At the end of the experiment (day 38), the same procedures of day 20 were followed for collecting blood and tissue samples (n = 10/group), in addition to histological samples from the breast muscle, for further biochemical and molecular analysis.
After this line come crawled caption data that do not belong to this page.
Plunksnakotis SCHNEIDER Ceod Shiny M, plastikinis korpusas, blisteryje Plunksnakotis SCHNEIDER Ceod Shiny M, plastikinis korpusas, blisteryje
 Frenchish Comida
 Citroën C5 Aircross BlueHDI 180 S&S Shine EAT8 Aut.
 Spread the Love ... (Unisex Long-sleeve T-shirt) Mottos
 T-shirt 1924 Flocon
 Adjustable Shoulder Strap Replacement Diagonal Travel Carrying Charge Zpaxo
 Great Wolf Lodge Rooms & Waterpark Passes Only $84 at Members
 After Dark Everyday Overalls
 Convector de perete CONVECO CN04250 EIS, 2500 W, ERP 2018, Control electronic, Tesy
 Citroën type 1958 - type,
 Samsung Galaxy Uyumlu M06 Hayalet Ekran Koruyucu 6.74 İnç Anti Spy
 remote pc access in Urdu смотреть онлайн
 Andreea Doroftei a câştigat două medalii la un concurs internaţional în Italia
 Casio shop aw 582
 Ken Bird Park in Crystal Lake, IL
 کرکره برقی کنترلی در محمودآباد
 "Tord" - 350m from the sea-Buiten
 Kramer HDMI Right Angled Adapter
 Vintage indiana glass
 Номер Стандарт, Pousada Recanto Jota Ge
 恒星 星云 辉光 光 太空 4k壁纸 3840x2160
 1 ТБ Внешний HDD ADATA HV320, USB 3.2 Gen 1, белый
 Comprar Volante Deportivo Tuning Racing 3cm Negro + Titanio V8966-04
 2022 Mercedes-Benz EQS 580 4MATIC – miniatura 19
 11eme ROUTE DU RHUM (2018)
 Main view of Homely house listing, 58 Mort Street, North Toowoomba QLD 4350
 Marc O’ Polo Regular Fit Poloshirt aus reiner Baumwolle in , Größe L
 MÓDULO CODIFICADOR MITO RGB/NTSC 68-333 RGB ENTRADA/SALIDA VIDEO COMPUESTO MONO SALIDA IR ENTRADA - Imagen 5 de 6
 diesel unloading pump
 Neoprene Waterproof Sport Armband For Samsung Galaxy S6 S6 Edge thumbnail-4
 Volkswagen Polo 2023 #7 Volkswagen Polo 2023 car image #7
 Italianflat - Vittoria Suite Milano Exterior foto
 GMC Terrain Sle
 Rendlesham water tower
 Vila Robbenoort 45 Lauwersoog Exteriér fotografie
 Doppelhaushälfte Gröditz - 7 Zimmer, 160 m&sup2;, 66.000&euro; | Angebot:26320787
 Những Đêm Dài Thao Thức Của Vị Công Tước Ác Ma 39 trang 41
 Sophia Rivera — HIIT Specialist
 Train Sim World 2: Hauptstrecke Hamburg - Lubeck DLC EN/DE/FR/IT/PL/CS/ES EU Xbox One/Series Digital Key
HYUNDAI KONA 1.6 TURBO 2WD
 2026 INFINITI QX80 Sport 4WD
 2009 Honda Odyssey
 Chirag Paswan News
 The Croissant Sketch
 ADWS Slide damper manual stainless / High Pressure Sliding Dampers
2.4. Serum Biochemical Analysis
Serum total cholesterol (TC), triglycerides (TGs), high-density lipoprotein cholesterol (HDL-C), low-density lipoprotein cholesterol (LDL-C), very-low-density lipoprotein cholesterol (VLDL-C), creatinine, uric acid, aspartate aminotransferase (AST), and alanine aminotransferase (ALT) were determined using commercial diagnostic kits (Sigma-Aldrich, Inc., St. Louis, MO, USA). Serum GH and insulin-like growth factor-1 (IGF-1) were assessed using radioimmunoassay kits (Nanjing Jiancheng Technology Co., Ltd., Nanjing, China), according to ROH, et al. [23].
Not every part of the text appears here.